If it's the shape of σσ which really matters, and not its exact form, then why use the particular form used for \(σ\) in Equation (3)? In fact, later in the book we will occasionally consider neurons where the output is \(f(w⋅x+b)\) for some other activation function \(f(⋅)\). The main thing that changes when we use a different activation function is that the particular values for the partial derivatives in Equation (5) change. It turns out that when we compute those partial derivatives later, using \(σ\) will simplify the algebra, simply because exponentials have lovely properties when differentiated. In any case, \(σ\) is commonly-used in work on neural nets, and is the activation function we'll use most often in this book.

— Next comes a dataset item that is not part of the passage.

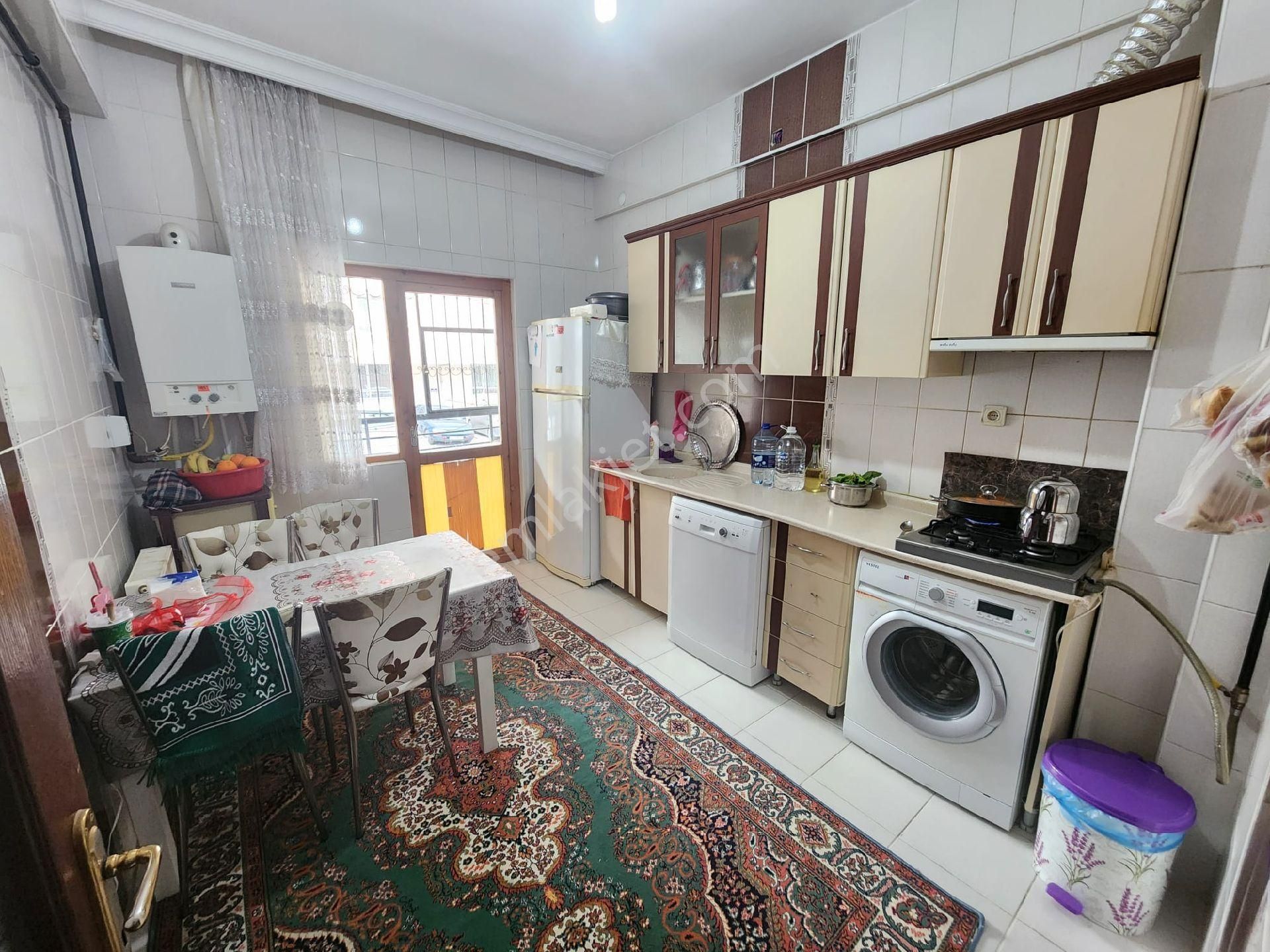 Karapürçek Uçaklı Park Karşısı Okul Yakını Asansörlü 2+1 Y.giriş A.daire Var Ön Cephe - Görsel 2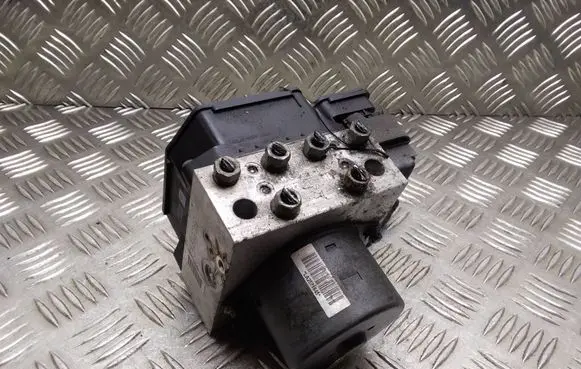 Mini One - Cooper Coupe R56 ABS Pump 34516790381 34526790382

How should we interpret the output from a sigmoid neuron? Obviously, one big difference between perceptrons and sigmoid neurons is that sigmoid neurons don't just output \(0\) or \(1\). They can have as output any real number between \(0\) and \(1\), so values such as \(0.173…\) and \(0.689…\) are legitimate outputs. This can be useful, for example, if we want to use the output value to represent the average intensity of the pixels in an image input to a neural network. But sometimes it can be a nuisance. Suppose we want the output from the network to indicate either "the input image is a 9" or "the input image is not a 9". Obviously, it'd be easiest to do this if the output was a \(0\) or a \(1\), as in a perceptron. But in practice we can set up a convention to deal with this, for example, by deciding to interpret any output of at least \(0.5\) as indicating a "9", and any output less than \(0.5\) as indicating "not a 9". I'll always explicitly state when we're using such a convention, so it shouldn't cause any confusion.
Exercises
- Sigmoid neurons simulating perceptrons, part I
Suppose we take all the weights and biases in a network of perceptrons, and multiply them by a positive constant, \(c\gt0\). Show that the behaviour of the network doesn't change. - Sigmoid neurons simulating perceptrons, part II
Suppose we have the same setup as the last problem - a network of perceptrons. Suppose also that the overall input to the network of perceptrons has been chosen. We won't need the actual input value, we just need the input to have been fixed. Suppose the weights and biases are such that \(w⋅x + b ≠ 0\) for the input \(x\) to any particular perceptron in the network. Now replace all the perceptrons in the network by sigmoid neurons, and multiply the weights and biases by a positive constant \(c\gt0\). Show that in the limit as \(c →∞\) the behaviour of this network of sigmoid neurons is exactly the same as the network of perceptrons. How can this fail when \( w⋅x + b= 0\) for one of the perceptrons?